News & Views

Desperados / Augmented Edition

by Sophia Epstein

Picture this: You’re marketing to an age group that values experiences over products, but rules and regulations dictate that your brand can’t sponsor any cultural or sporting events or even include people in its advertising. In France, you won’t see alcohol advertised on TV (unless it’s below 1.2%ABV). You might see a poster on the Metro, or a banner online, but even then, all you’ll see is the bottle. 

Heineken-owned beer brand Desperados is now ‘the most preferred alcohol brand for French young adults,’ according to the brand’s marketing manager Clémentine Doumenc. But, without beer-swilling bromances or alcohol-touting athletes to fill its ad campaigns, the brand needed to think of something else to keep the millennials engaged. So, every year it changes its packaging.

In partnership with a group of artists called the 9ème Concept and agency MNSTR in Paris, all the bottles of Desperados in France get a special edition label. ‘It’s not risky, it’s audacious,’ says Doumenc. ‘We want our consumers to be a little bit disturbed, that’s part of the experience. It could seem risky, if they don’t like it, but we are talking about art so it doesn’t matter if you like it or not, it’s about feeling something.’

This year is the 19th rebrand the packaging has had, but this time the label uses Augmented Reality. ‘They wanted an experience,’ says MNSTR creative director Louis Bonichon, ‘something the customer could go deeper into.’

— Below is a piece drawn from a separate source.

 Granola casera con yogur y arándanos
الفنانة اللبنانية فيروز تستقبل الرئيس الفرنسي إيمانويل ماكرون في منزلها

The augmented art was made digitally. Street artist and sculptor Matthieu Dagorn trained for two months with a Tilt Brush so he could construct the artwork with nothing but a VR Headset and a couple of hand controls (which is much harder than it looks). When customers scan the label using the Desperados app, they can watch the virtual sculpture unfold around them, visit Dagorn’s workshop and explore the intricate details of the piece.

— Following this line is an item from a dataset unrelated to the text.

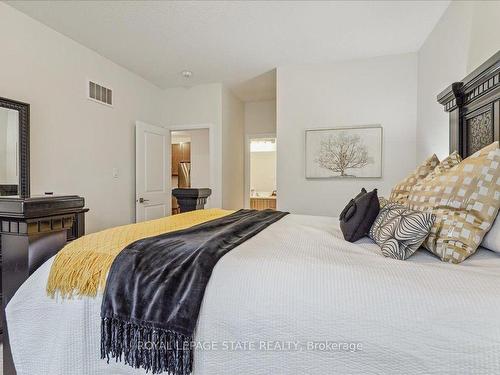 18 South Coast Circ, Fort Erie, ON - Indoor Photo Showing Bedroom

‘This is the kind of thing young people expect from brands, they’re fed up of classic advertising,’ says Doumenc. ‘When you see that half your target audience has an ad blocker on their PC, you know they don’t want to be interrupted by a brand. So, we have to get their interest differently.’

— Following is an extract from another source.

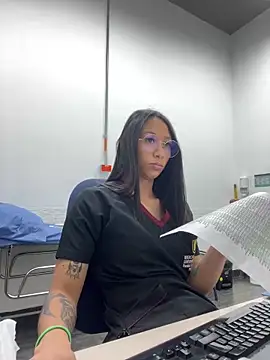 mina harker online show from April 21, 2026, 8:55 pm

It’s too early to know if it’s working, as the bottles are being rolled out through to October. But Doumenc says that 20 years ago, when Desperados partnership with the 9ème Concept began, the brand had only just established the ‘modern beer category’. Now, 19 special edition labels later, the brand is the fifth-ranked beer on the French market. ‘It’s not easy to tell if it’s directly linked to the limited edition,’ she says. But it certainly seems like they’ve found a good way to get some attention.